Brain Tumor Segmentation on MRI using nnU-Net
Introduction
In the field of medical image segmentation, nnU-Net (no-new-Net) is famous for consistently dominating international challenges like BraTS (Brain Tumor Segmentation). Rather than inventing new architectures, nnU-Net automatically configures the entire pipeline (preprocessing, network topology, training, post-processing) based on the specific properties of your dataset. In this guide, we'll walk through using nnU-Net to segment brain tumors from multi-modal MRI scans.
Architecture Overview
graph TD
RawData(Raw Medical Images & Labels) --> Fingerprint(Dataset Fingerprint Extraction)
Fingerprint --> Heuristics(Heuristics Engine)
Heuristics --> Config2D(2D U-Net Config)
Heuristics --> Config3D(3D Fullres U-Net Config)
Heuristics --> ConfigCascade(3D Cascade U-Net Config)
Config3D --> Train(5-Fold Cross Validation Training)
Train --> PostProcess(Automated Post-processing & Ensembling)
PostProcess --> Final(Optimal Segmentation Pipeline)
Prerequisites
- Linux/Ubuntu (nnU-Net is not officially supported on Windows natively)
- Python 3.9+
- PyTorch
- A CUDA-capable GPU with at least 11GB VRAM (24GB+ recommended)
- The BraTS dataset (T1, T1c, T2, and FLAIR MRI modalities)
Step 1: Install nnU-Net V2
# It is highly recommended to install nnU-Net as a hidden editable package
git clone https://github.com/MIC-DKFZ/nnUNet.git
cd nnUNet
pip install -e .
Step 2: Setup Environment Variables
nnU-Net requires three specific directories to function: one for raw data, one for preprocessed data, and one for trained models. You must set these as environment variables.
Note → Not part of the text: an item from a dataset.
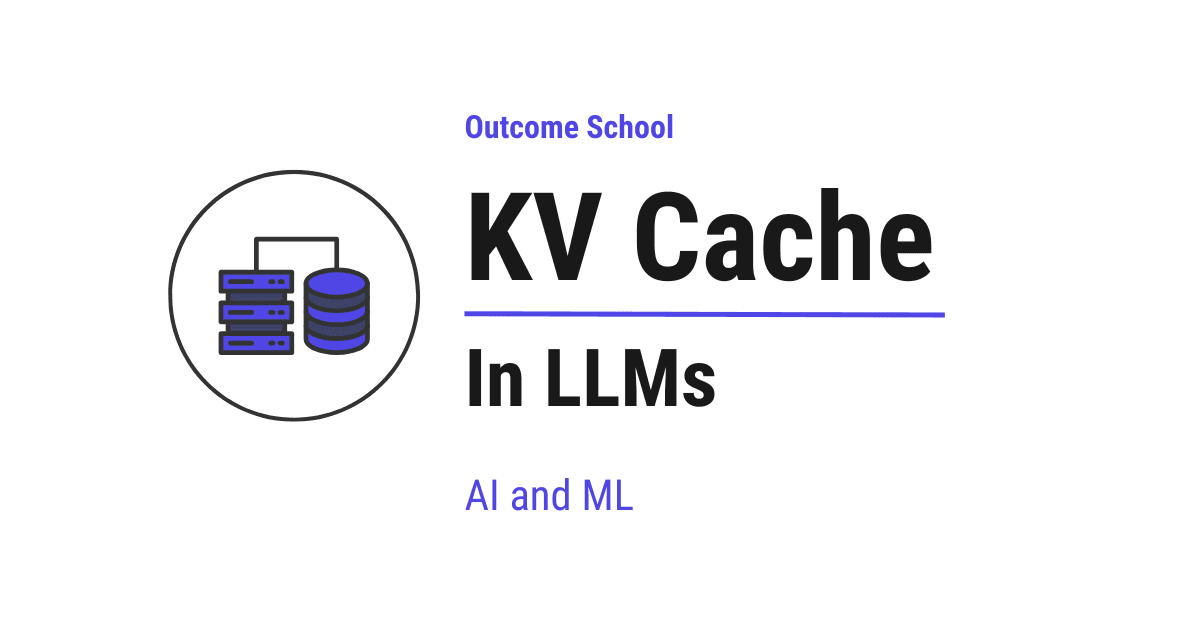 KV Cache in LLMs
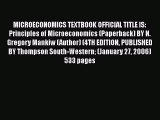 Download MICROECONOMICS TEXTBOOK OFFICIAL TITLE IS: Principles of Microeconomics (Paperback)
export nnUNet_raw="/path/to/nnUNet_raw"
export nnUNet_preprocessed="/path/to/nnUNet_preprocessed"
export nnUNet_results="/path/to/nnUNet_results"
Step 3: Dataset Conversion and JSON Generation
nnU-Net requires a very specific folder structure and naming convention. Each training case must end with a 4-digit identifier, and different imaging modalities (T1, FLAIR, etc.) are indicated by a 4-digit channel identifier at the very end of the filename (e.g., BraTS_0001_0000.nii.gz for T1, BraTS_0001_0001.nii.gz for FLAIR).
It also requires a dataset.json file describing the channels and labels. Here is a Python snippet using the nnU-Net helper function to generate it:
from nnunetv2.dataset_conversion.generate_dataset_json import generate_dataset_json
import os
target_base = os.environ['nnUNet_raw']
dataset_name = "Dataset001_BraTS"
target_dataset_dir = os.path.join(target_base, dataset_name)
generate_dataset_json(
output_folder=target_dataset_dir,
channel_names={
0: 'T1',
1: 'T1ce',
2: 'T2',
3: 'FLAIR'
},
labels={
'background': 0,
'necrotic tumor core': 1,
'peritumoral edematous/invaded tissue': 2,
'enhancing tumor': 3
},
num_training_cases=1251, # Number of training images
file_ending='.nii.gz',
dataset_name=dataset_name,
reference='BraTS Challenge',
release='1.0',
description='Brain Tumor Segmentation'
)
Step 4: Automated Experiment Planning and Preprocessing
This is where the magic happens. nnU-Net analyzes your dataset's voxel spacings, image sizes, and class ratios, and automatically designs the optimal U-Net topologies (2D, 3D fullres, 3D cascade) and data augmentation strategies.
# Assuming your dataset ID is 001
nnUNetv2_plan_and_preprocess -d 001 --verify_dataset_integrity
Step 5: Training the Model
nnU-Net trains a 5-fold cross-validation ensemble by default. For the best performance on 3D MRI data, we train the 3d_fullres configuration. You must run this command 5 times, changing the fold number from 0 to 4.
# Train fold 0
nnUNetv2_train 001 3d_fullres 0
# (Optional: Run for folds 1, 2, 3, and 4 to build the ensemble)
Step 6: Inference on New Scans
Once trained, you can use the model to predict tumor segmentations on unseen MRI scans.
nnUNetv2_predict -i /path/to/testing_images/ -o /path/to/output_predictions/ -d 001 -c 3d_fullres -f 0
Conclusion
nnU-Net represents a paradigm shift in medical imaging AI. By automating the arduous process of hyperparameter tuning, patch size selection, and pipeline configuration, it provides an exceptionally strong, out-of-the-box baseline that frequently outperforms custom, hand-tuned networks on complex tasks like multi-modal brain tumor segmentation. It is arguably the most important baseline framework in modern medical image analysis.